On the Cusp in North Carolina
June 2, 2016
Technology, the quadruple aim, and the ambitious goals of the “lab state”.
The North Carolina Department of Health and Human Services is preparing to ask the federal Centers for Medicare and Medicaid Services for approval of an ambitious plan to enhance the state’s Medicaid program. The plan is essentially a two-pronged effort to improve the quality of state Medicaid services, both in terms of expansion and reform. Some 300,000-500,000 additional low-income adults would qualify for coverage under the new proposal, and the state would increase provisions to support the integration of several forms of care into patient centered medical homes.
But perhaps the most audacious goal of the project is the intended alignment with the standards of the newly coined “quadruple aim” of health care—in other words, higher levels of clinician support and satisfaction in addition to the established Triple Aim of improved population health, reduced costs, and higher patient satisfaction.
The idea of a statewide program getting larger and more complex, yet easier to manage in cost and administration, might seem counter-intuitive to most. North Carolina wants to function as a metaphorical laboratory for future federal reforms, and whether or not the results are validating is going to weigh very heavily on what kind of technology solution is in place.
A lack of adaptability is where large-scale expansion efforts have suffered in the past and in other states. Hard-coded legacy software systems have not so far demonstrated an ability to respond to industry changes in a timely enough manner, often resulting in blown implementation deadlines and unforeseen costs. Ideally, the expansion of the state Medicaid system will be managed by configurable platform technology. The data model of such a platform will need to be accessible, extensible, and highly dynamic, able to continuously embrace new innovations and ensure compliance against future rounds of regulatory measures.
Preliminary studies have concluded that North Carolina’s reconciliation of different forms of care into patient-centered medical homes have been effective in improving whole patient wellness while mitigating healthcare costs. Continued success depends on how well technology can integrate different forms of care, and a configurable platform is perfect for easing the consolidation of different workflows, data sets, and individual requirements across vendors and providers statewide.

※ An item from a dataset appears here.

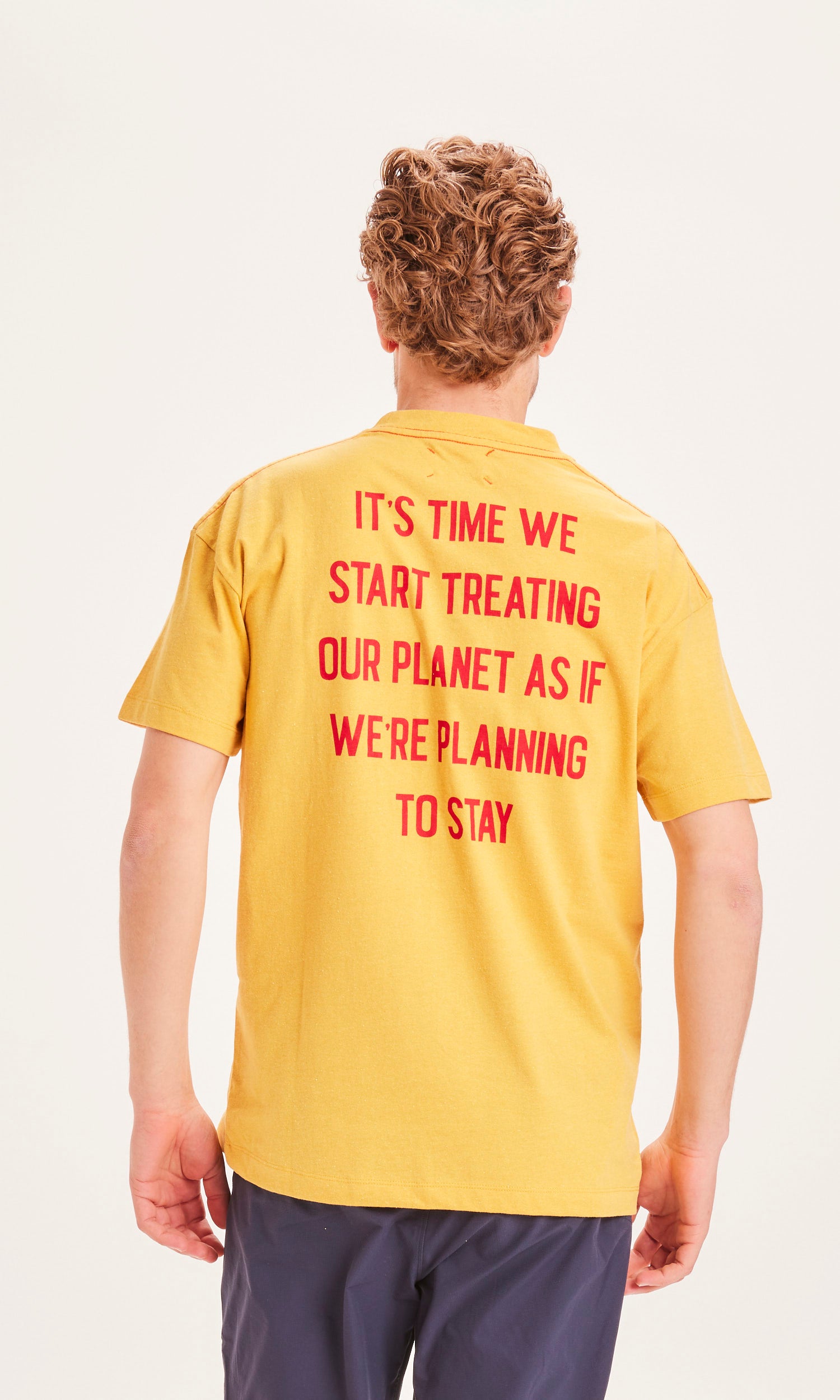 KnowledgeCotton Apparel Back printed oversized tee REBORN™ - GRS/Vegan - Honey Gold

The original Triple Aim of health care touched on the three very important goals of improved population health, improved patient experience, and reduced costs, but achieving those goals should not result in the burnout of healthcare providers, clinicians, and staff. North Carolina’s insistence that the experience be improved for the clinician as well, effectively creating a quadruple aim, sets a high standard to which technology vendors should aspire. Being that platform technology already has a solid track record in most consumer-driven industries for value and ease of use, it is the natural choice for achieving the quadruple aim in health and human services.
Platform technology enables an ecosystem of content providers and content consumers, creating a network effect that increases in value over time as more participants are drawn into a virtuous cycle. The availability of configurable solutions reduces the reliance on custom-built applications, meaning the experience for both patient and provider are greatly enhanced. Additionally, agencies enjoy improved access to actionable data, which informs data-driven measures aimed at improving population health.
To learn more about network effects in platform technology, click here.
North Carolina’s plan to increase the scope and complexity of an already massive statewide program like Medicaid is hard enough to do on its own, and the clause that the provider experience will be simpler is an added challenge. The coming results could set a new precedent as to what is possible in the realm of health and human services, but will largely dependent on how well technology can be leveraged to achieve the state’s ambitions.